Repository files navigation

Info

This repo contains the setup scripts from the paper "A Scalable AI Training Platform for Remote Sensing Data" presented at Agile 2023.

Setup of the platform

Structure of this repo

  • /ansible This directory contains Ansible scripts to install the platform on classic servers or VMs. It is intended for cases where no internal cloud connection is available.
  • /conf A basic configuration for Steep. It contains a CPU and a GPU training service. Both are based on the public tensorflow images. Thus, they can be used without a custom docker image beeing built.
  • /data An example script for testing workflow execution
  • check-for-updates.sh A simple script to restart the platform if the config in this repo changes. Should be executed as a cron job.
  • example-workflow-cpu.yaml Example workflow that can be submitted to the platform and tests the CPU capability. See section below.
  • example-workflow-gpu.yaml Example workflow that can be submitted to the platform and tests the GPU capability.

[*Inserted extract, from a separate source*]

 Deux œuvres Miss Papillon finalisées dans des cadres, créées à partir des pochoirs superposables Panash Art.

See section below.

Getting started

To try out everything we recommend the installation on classic servers. To do so, follow these steps.

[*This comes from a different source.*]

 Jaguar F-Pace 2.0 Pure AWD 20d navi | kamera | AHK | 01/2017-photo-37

  1. Start three servers: A main instance with a large disk for some data, a CPU instance to normal calculations and a GPU instance to AI trainig.
  2. Run the ansible script to prepare the instances and install everything. See the readme file in the subdirectory.
  3. Submit your first workflow. To do so, copy the content of the data directory to /data on the main instance. Submit the example-workflow-cpu.yaml to the main instance to test a cpu instance. It saves it output at /data/test_out.txt. example-workflow-gpu.yaml works similar for gpu instances. You can submit a workflow via the UI (available on the main instance at port 8080) or via the command line: curl -X POST http://<MAIN_IP>:8080/workflows --data-binary @example-workflow-gpu.yaml

Becoming a profi

  • Read the documentation of Steep: https://steep-wms.github.io/ Here you can learn everything related to the used workflow management system.
  • Add custom services. Setup a Gitlab repo, put your Dockerfile in it, specify a .gitlab-ci.yml to build your image after changes and generate a deployment key. This key has to be added to the platform. See ansible/auth.yml for the docker credentials. The /my-custom-service-template directory contains a template for a new service repo.
  • Write fancy workflows with loops etc. See https://steep-wms.github.io/#feeding-results-back-into-the-workflow-cyclesloops for an example.
  • Write custom plugins for Steep. They can be placed in the conf/plugins directory.
  • Enable cloud integration. If you specify OpenStack credentials when starting the main instance, it can launch VMs and destroy them after usage.